**Exercise aim**
Repeat the data in full. Every line must match.

**The data**
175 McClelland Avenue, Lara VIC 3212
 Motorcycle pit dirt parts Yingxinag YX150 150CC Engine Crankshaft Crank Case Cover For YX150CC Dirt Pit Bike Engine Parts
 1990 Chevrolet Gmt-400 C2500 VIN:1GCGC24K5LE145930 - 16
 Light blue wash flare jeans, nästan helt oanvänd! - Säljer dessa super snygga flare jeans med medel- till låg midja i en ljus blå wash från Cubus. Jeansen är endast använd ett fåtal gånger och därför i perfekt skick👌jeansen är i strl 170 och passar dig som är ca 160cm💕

**Written answer**
175 McClelland Avenue, Lara VIC 3212
 Motorcycle pit dirt parts Yingxinag YX150 150CC Engine Crankshaft Crank Case Cover For YX150CC Dirt Pit Bike Engine Parts
 1990 Chevrolet Gmt-400 C2500 VIN:1GCGC24K5LE145930 - 16
 Light blue wash flare jeans, nästan helt oanvänd! - Säljer dessa super snygga flare jeans med medel- till låg midja i en ljus blå wash från Cubus. Jeansen är endast använd ett fåtal gånger och därför i perfekt skick👌jeansen är i strl 170 och passar dig som är ca 160cm💕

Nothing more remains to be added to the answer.